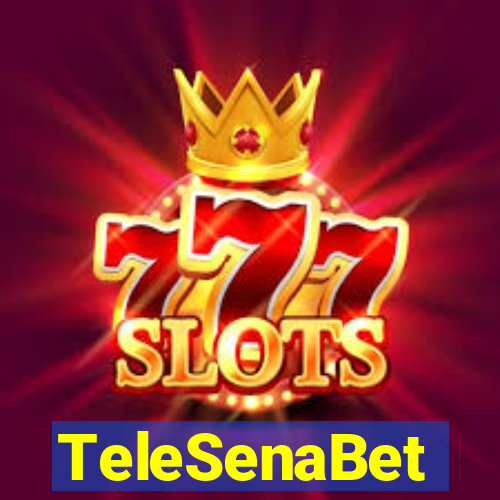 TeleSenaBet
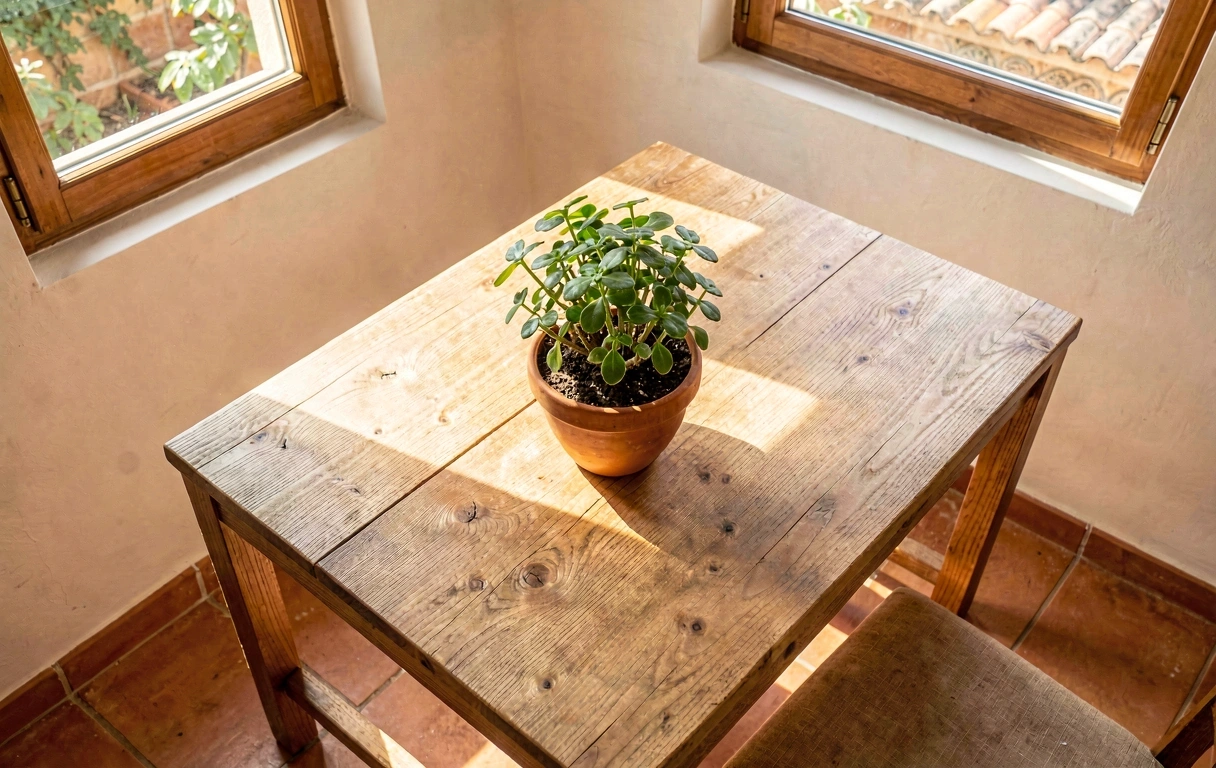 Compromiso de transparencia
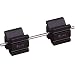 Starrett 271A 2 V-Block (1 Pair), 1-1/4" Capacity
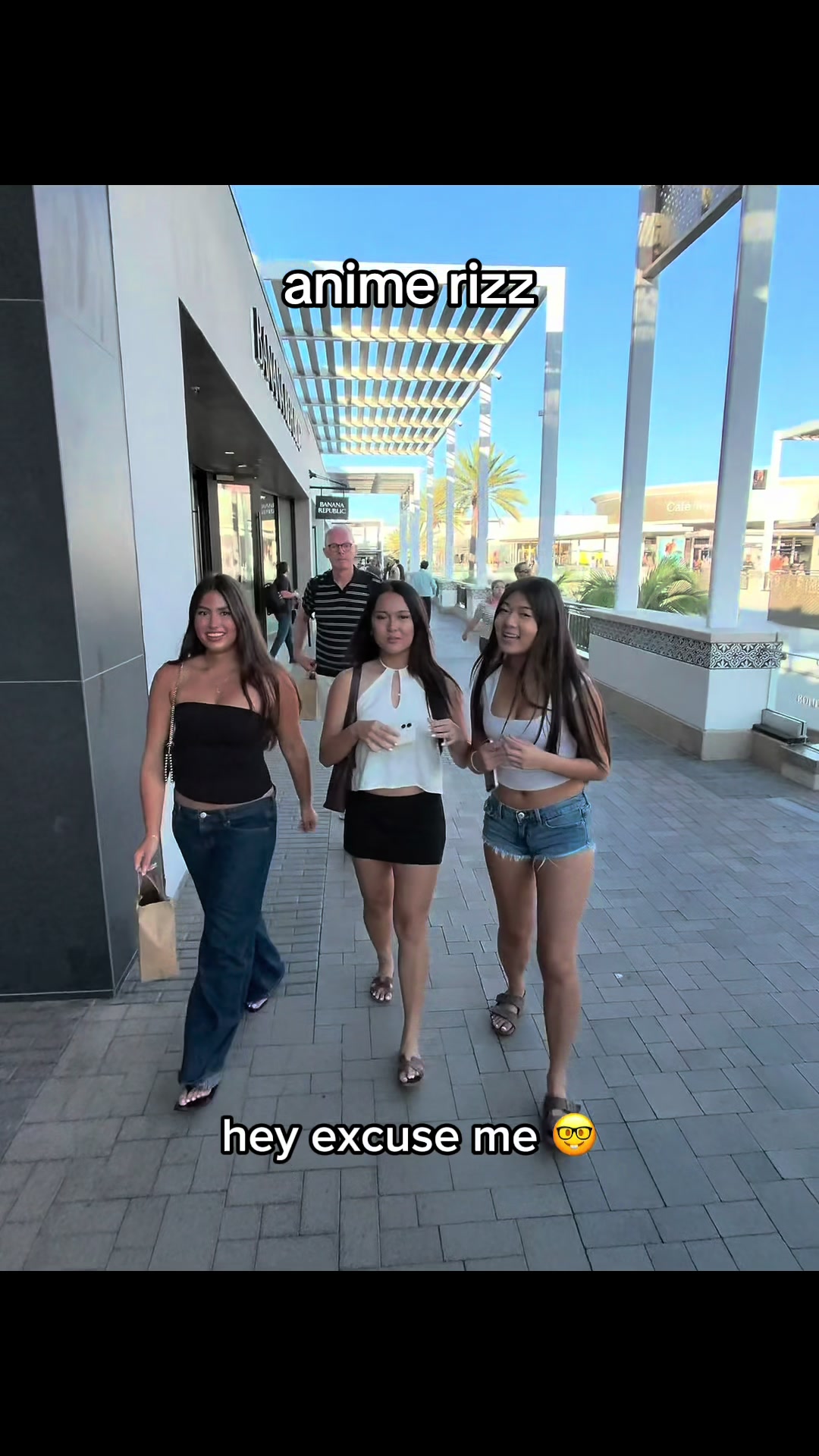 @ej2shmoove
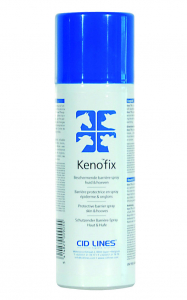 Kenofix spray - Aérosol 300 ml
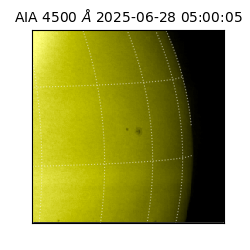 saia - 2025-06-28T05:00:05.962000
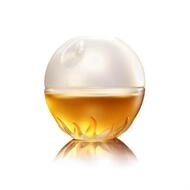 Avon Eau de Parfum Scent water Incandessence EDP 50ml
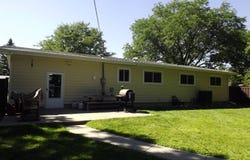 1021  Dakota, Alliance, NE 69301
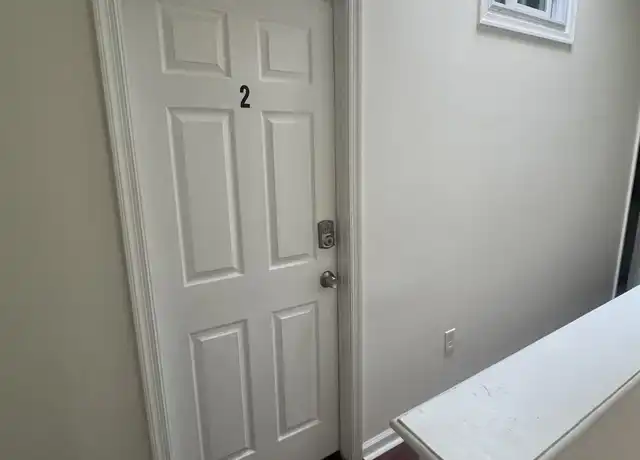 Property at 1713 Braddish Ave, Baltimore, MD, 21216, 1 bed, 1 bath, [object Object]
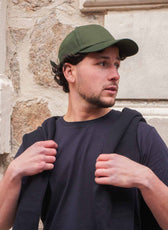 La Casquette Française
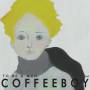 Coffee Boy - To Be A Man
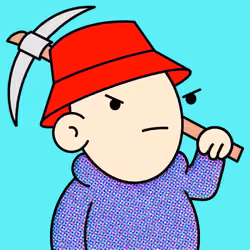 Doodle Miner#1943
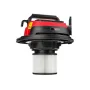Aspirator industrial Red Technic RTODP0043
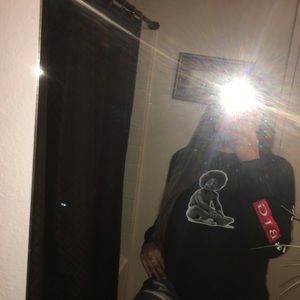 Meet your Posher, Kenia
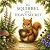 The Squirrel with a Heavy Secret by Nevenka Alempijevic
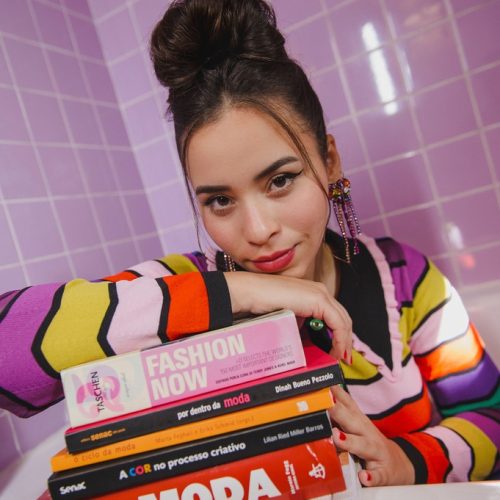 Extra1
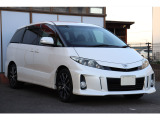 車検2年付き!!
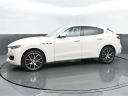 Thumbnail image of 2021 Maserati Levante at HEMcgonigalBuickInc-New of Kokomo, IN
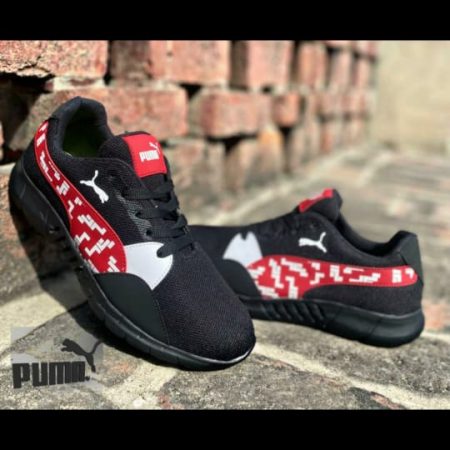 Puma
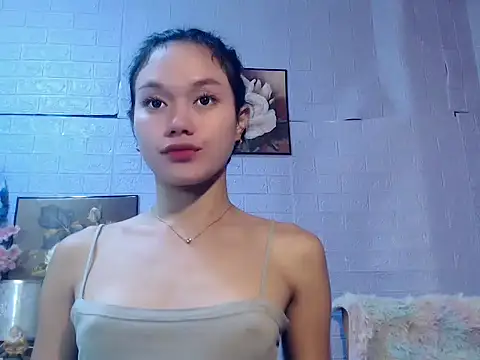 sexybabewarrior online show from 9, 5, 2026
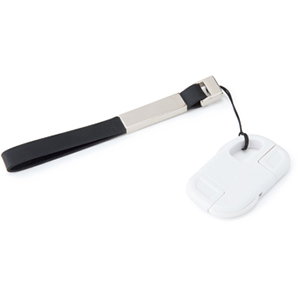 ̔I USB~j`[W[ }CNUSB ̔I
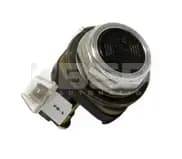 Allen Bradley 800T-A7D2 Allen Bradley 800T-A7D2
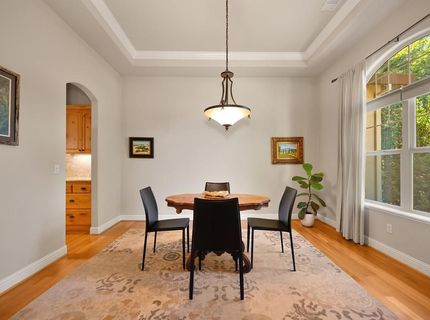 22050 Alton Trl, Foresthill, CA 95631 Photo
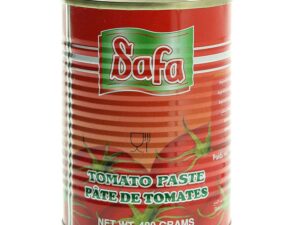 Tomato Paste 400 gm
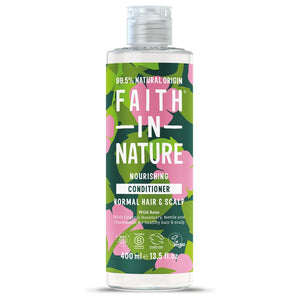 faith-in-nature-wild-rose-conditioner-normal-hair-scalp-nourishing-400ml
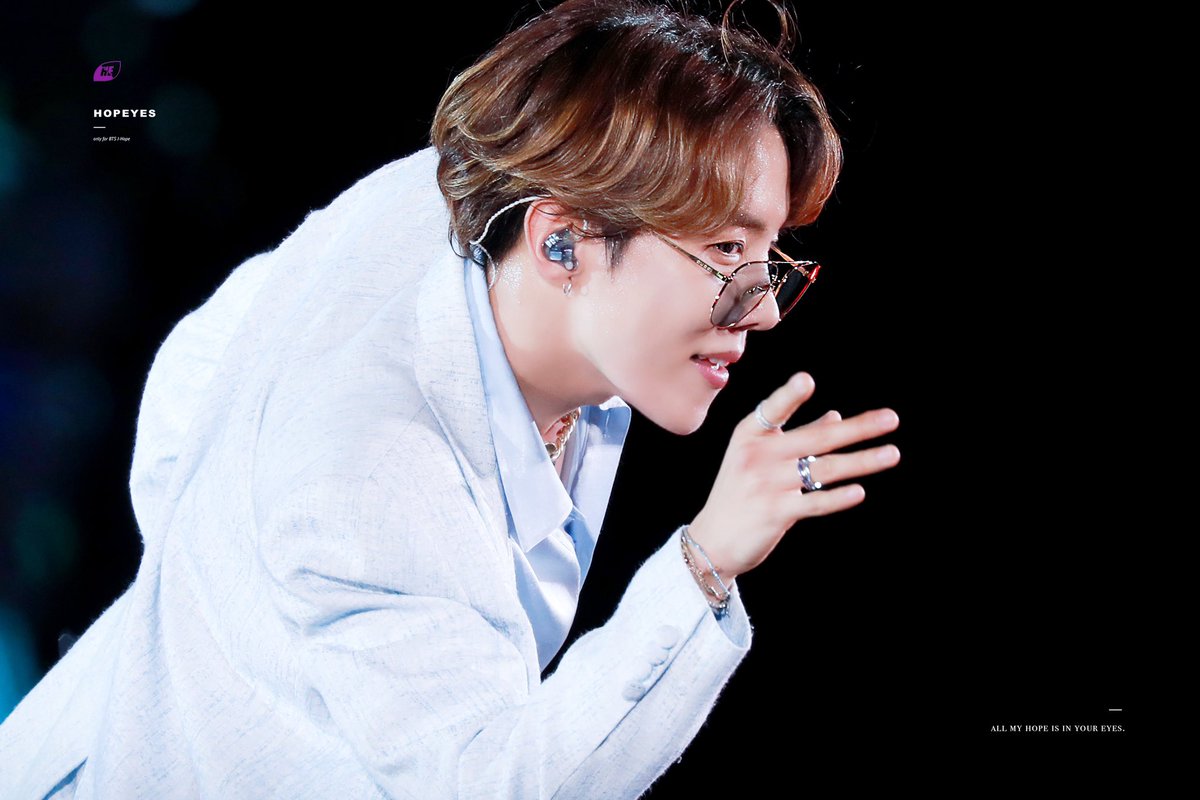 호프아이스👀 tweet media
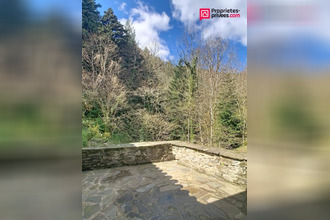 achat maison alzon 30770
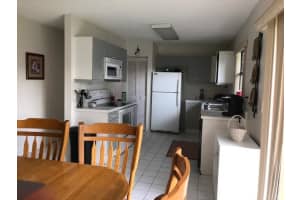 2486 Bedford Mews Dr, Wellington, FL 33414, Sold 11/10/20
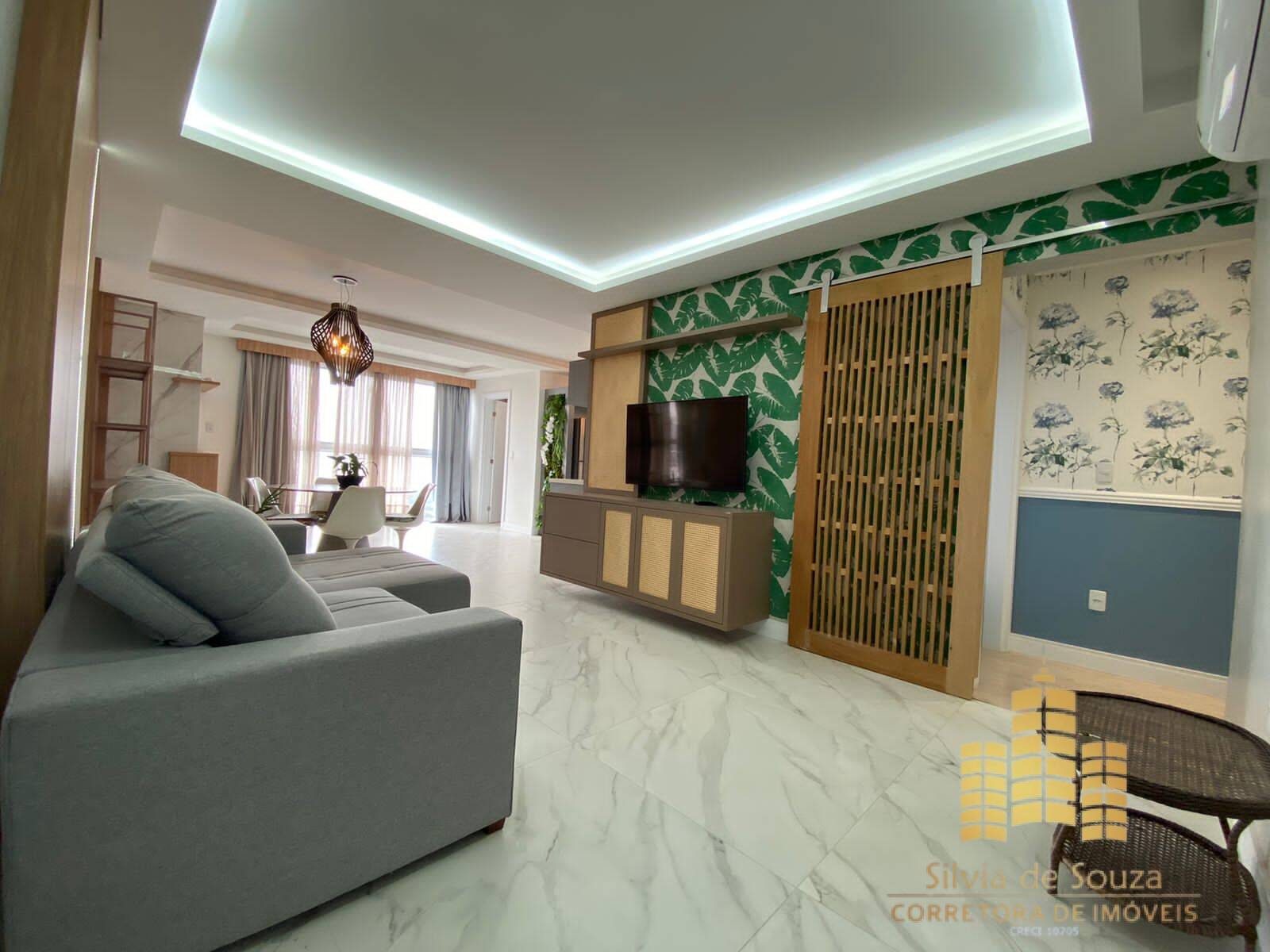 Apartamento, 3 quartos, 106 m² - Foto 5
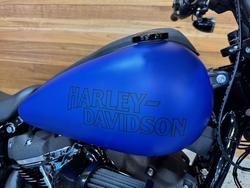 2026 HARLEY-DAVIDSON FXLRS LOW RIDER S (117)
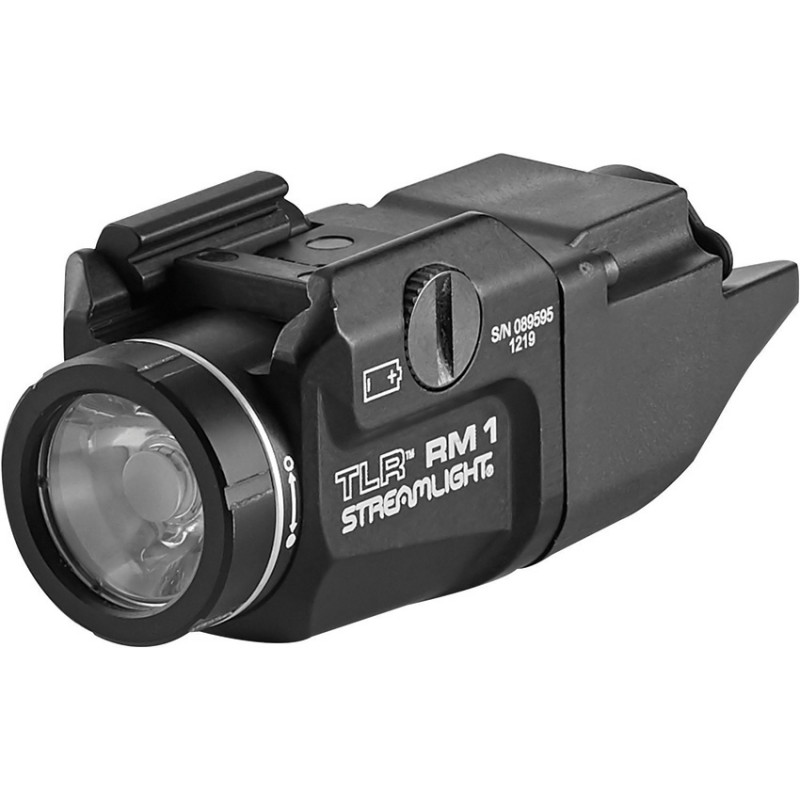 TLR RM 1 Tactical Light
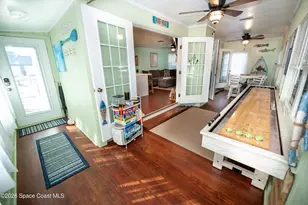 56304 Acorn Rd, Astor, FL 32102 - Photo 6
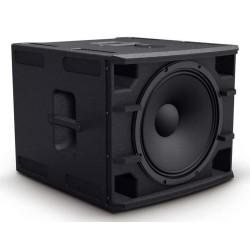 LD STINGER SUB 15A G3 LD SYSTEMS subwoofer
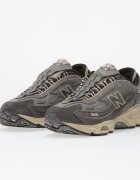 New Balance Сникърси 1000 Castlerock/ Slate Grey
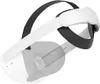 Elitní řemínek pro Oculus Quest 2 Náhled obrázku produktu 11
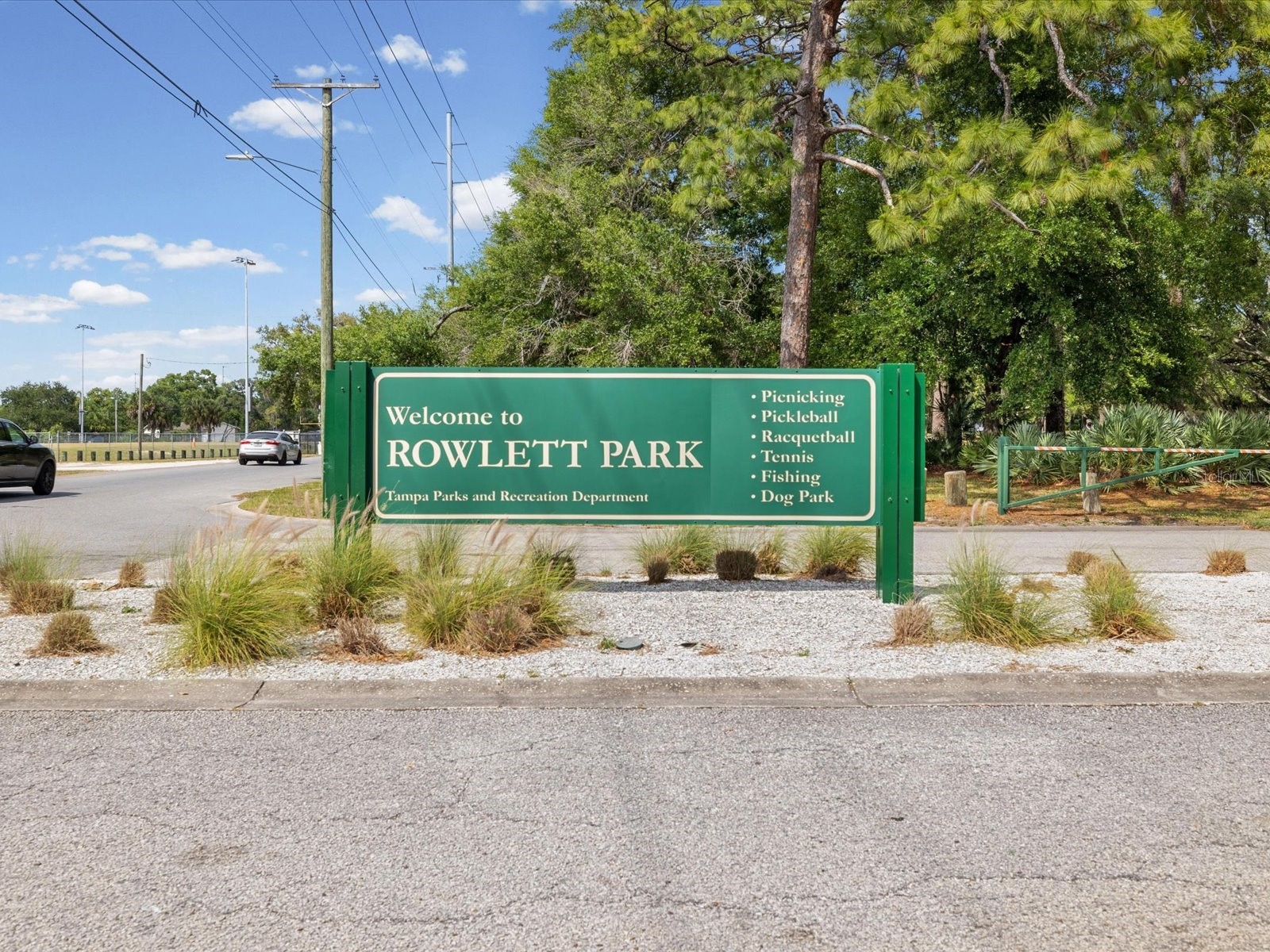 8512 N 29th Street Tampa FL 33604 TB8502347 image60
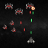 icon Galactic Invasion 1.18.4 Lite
•••••
(Your assignment)
Repeat the lines above exactly, beginning with the one containing "Starrett 271A 2" and finishing with the one containing "Alliance, NE 69301". No pictures belong in the copy.

(Written reply)
 Starrett 271A 2 V-Block (1 Pair), 1-1/4" Capacity
 @ej2shmoove
 Kenofix spray - Aérosol 300 ml
 saia - 2025-06-28T05:00:05.962000
 Avon Eau de Parfum Scent water Incandessence EDP 50ml
 1021  Dakota, Alliance, NE 69301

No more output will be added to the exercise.